Au coeur de la Roya
C'est au sein d'un couvent franciscain déserté, situé dans l'ancien comté de Nice, que Françoise Siri a composé un opus de quelques poèmes donnant vie, grâce aux éditions Henry, Au cœur de la Roya. Courts poèmes contemplatifs accordés à l'esprit du lieu et au chiffre du paysage, poèmes gravés comme dans la roche italienne qui soulève le relief ascétique.

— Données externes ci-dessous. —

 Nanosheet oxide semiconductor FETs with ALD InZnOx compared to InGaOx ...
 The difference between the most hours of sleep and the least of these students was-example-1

L'Eglise et le cloître sont gais comme des enfants
Partout des mains
Des mains offertes des mains ouvertes
Sculptées en chêne et en noyer
Peintes sur les fresques délavées
Qui reçoivent les stigmates de François
Et notre peau au creux des mains fourmille
Devant ces stigmates que l'on voit
Et ceux qu'on ne voit pas
Dans l'anonymat des villes
Une parole qui, sous la discipline de l'observation quiète, interroge le silence d'où surgit la conjuration de l'absence :
Puits, source de vie en terre sainte,
Ici, sous ta coupole de lauzes,
Absorbes-tu tous nos errements ?
Parole doucement interrogative des perceptions intérieures, celle reliées à notre histoire d'âmes européennes où les images anciennes nous parlent, mémoire indélébile enregistrée par notre sang :
Le visage du Christ surnage
Dans les lambeaux des fresques
Les visages se déchirent
Sous les gerçures de pierre
La peinture délavée creuse
Le miroir étamé
Sous nos regards de pierre
Qui ne transpercent plus
Discrète poésie qui coud un rapport entre les paysages observés et notre état d'individus modernes. "Nous sommes semblables aux lambeaux de fresque/En l'absence de la main qui rassemble".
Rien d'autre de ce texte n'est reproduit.